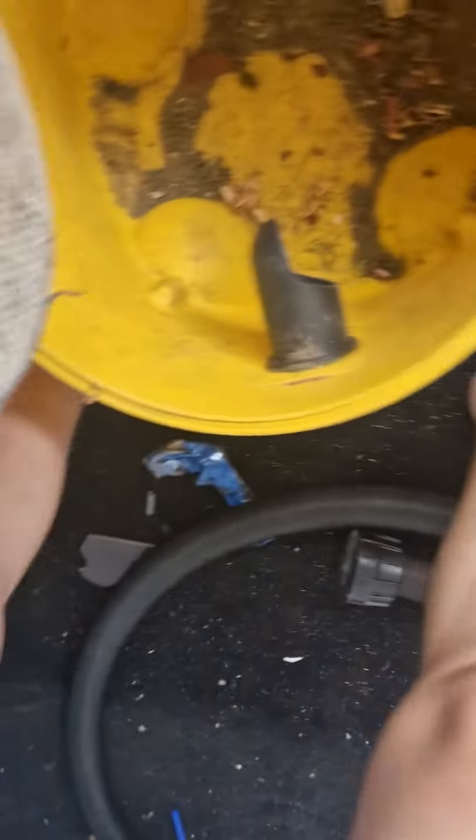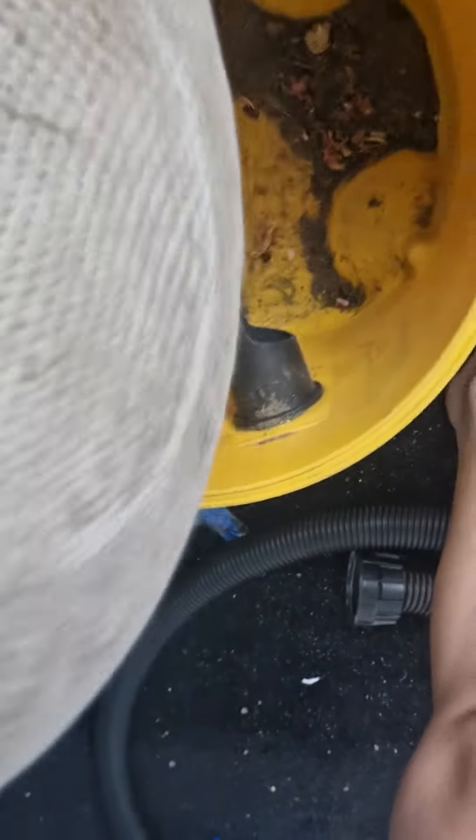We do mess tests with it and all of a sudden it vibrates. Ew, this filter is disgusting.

*-*-*

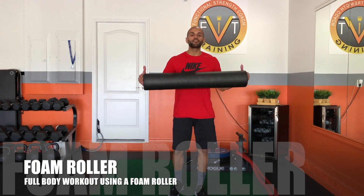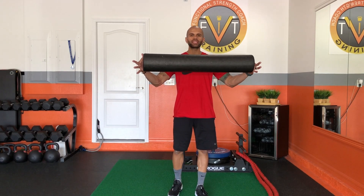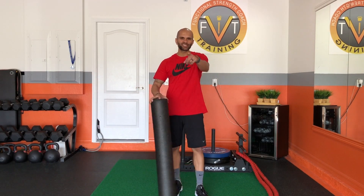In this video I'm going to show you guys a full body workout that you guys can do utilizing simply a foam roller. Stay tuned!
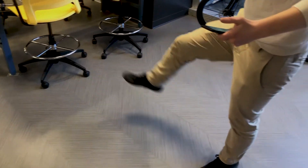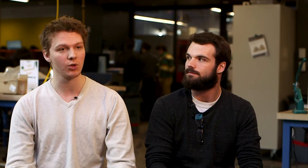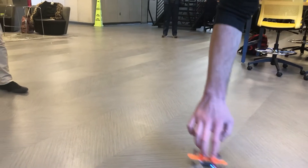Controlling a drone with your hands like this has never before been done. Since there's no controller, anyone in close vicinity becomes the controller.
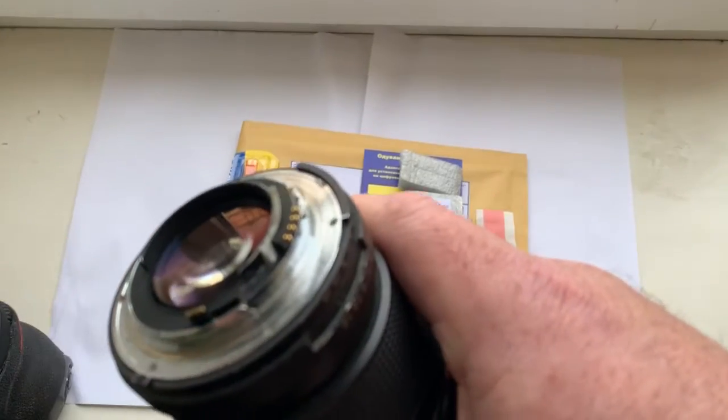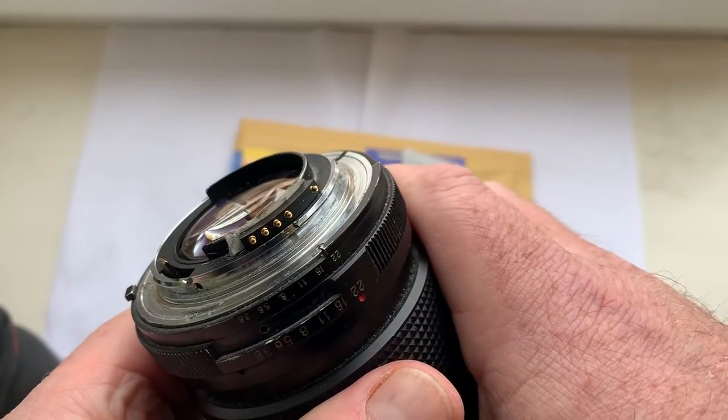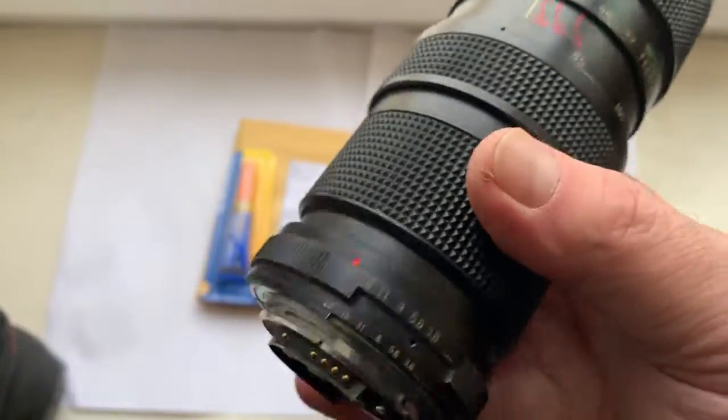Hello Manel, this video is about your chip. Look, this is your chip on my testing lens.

*-*-*

From the data above, retype only the lines starting with the line with "Controlling a drone" and going on through the line with "Hello Manel, this", exactly, leaving out the pictures.

--- Written solution ---
Controlling a drone with your hands like this has never before been done. Since there's no controller, anyone in close vicinity becomes the controller.
Hello Manel, this video is about your chip. Look, this is your chip on my testing lens.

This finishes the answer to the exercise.